The Role of Cosmic-ray Transport in Shaping the Simulated Circumgalactic Medium

Abstract

Abstract The majority of galactic baryons resides outside of the galactic disk in the diffuse gas known as the circumgalactic medium (CGM). While state-of-the art simulations excel at reproducing galactic disk properties, many of them struggle to drive strong galactic winds or to match the observed ionization structure of the CGM using only thermal supernova feedback. To remedy this, recent studies have invoked nonthermal cosmic ray (CR) stellar feedback prescriptions. However, numerical schemes of CR transport are still poorly constrained.

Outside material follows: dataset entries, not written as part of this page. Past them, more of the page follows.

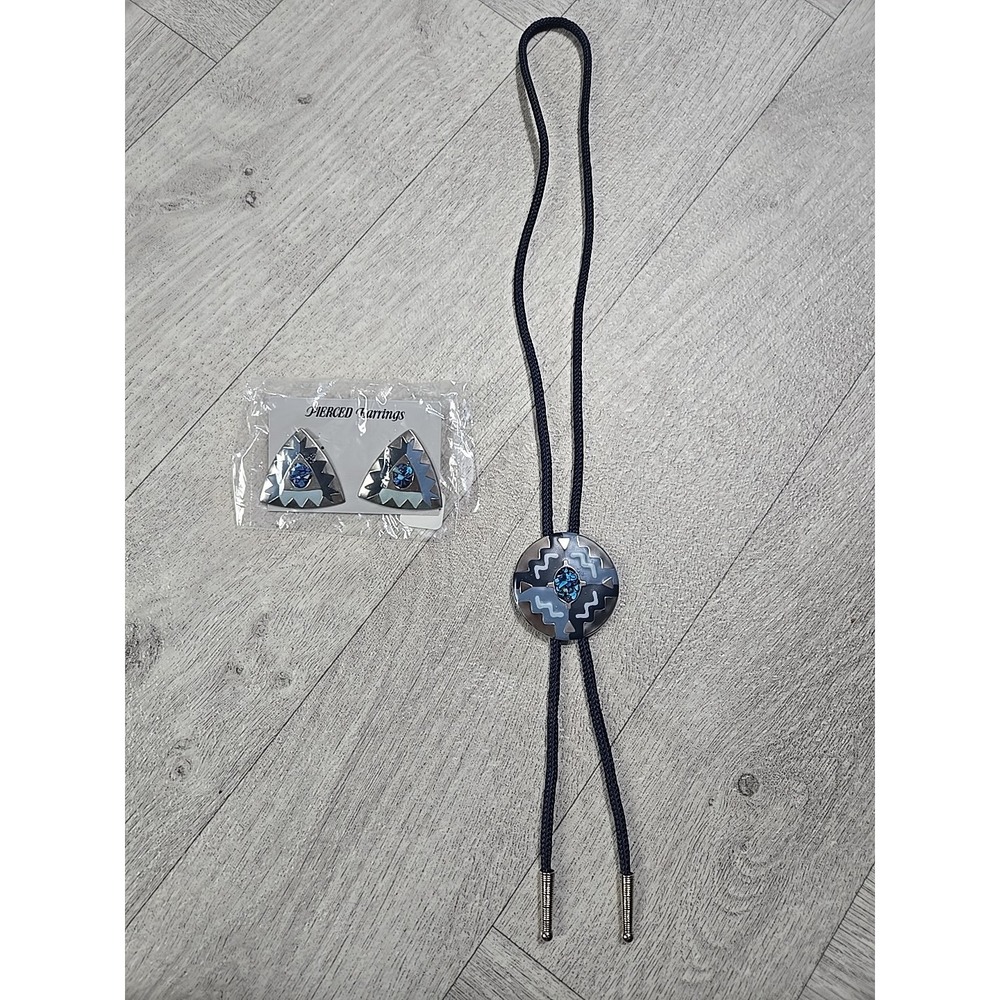 Vintage Southwestern Native American Necklace/Tie Earrings Blue Silver Handmade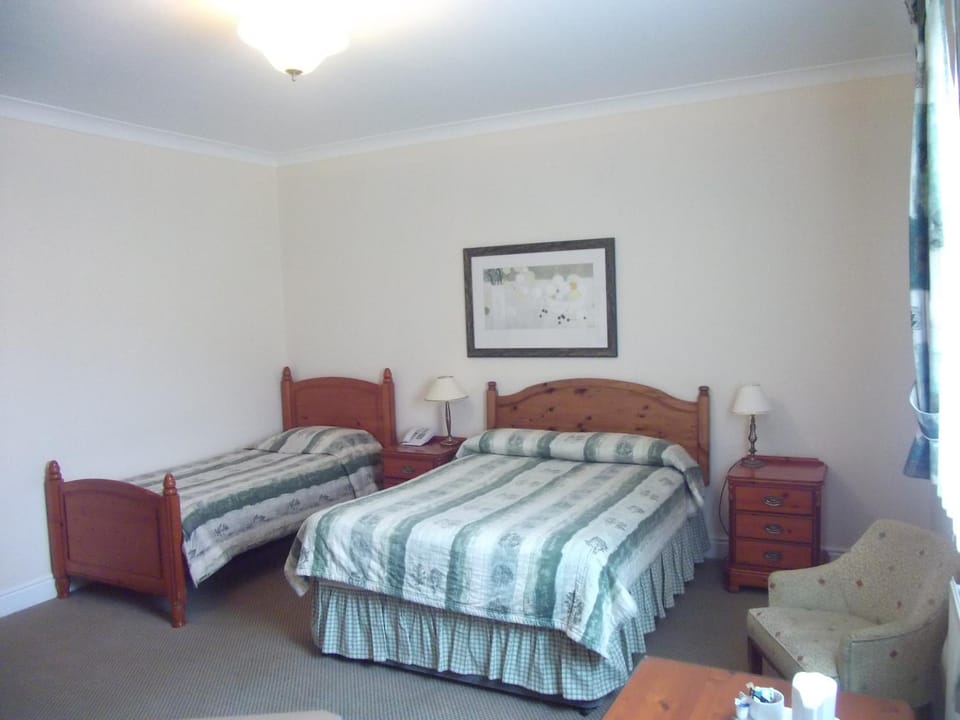 Bed, Photo of the whole room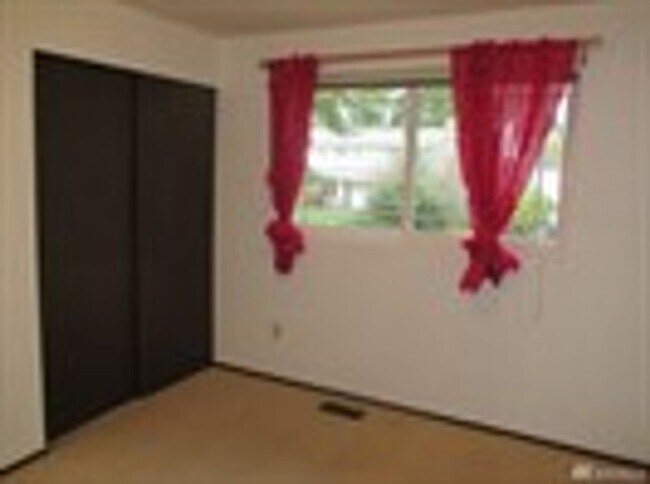 Building Photo - Woodinville Kingsgate Split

We explore how the choice of CR transport affects the multiphase structure of the simulated CGM. We implement anisotropic CR physics in the astrophysical simulation code Enzo and simulate a suite of isolated disk galaxies with varying prescriptions for CR transport: isotropic diffusion, anisotropic diffusion, and streaming. We find that all three transport mechanisms result in strong, metal-rich outflows but differ in the temperature and ionization structure of their CGM. Isotropic diffusion results in a spatially uniform, warm CGM that underpredicts the column densities of low ions. Anisotropic diffusion develops a reservoir of cool gas that extends farther from the galactic center, but disperses rapidly with distance. CR streaming projects cool gas out to radii of 200 kpc, supporting a truly multiphase medium. In addition, we find that streaming is less sensitive to changes in constant parameter values like the CR injection fraction, transport velocity, and resolution than diffusion. We conclude that CR streaming is a more robust implementation of CR transport and motivates the need for detailed parameter studies of CR transport.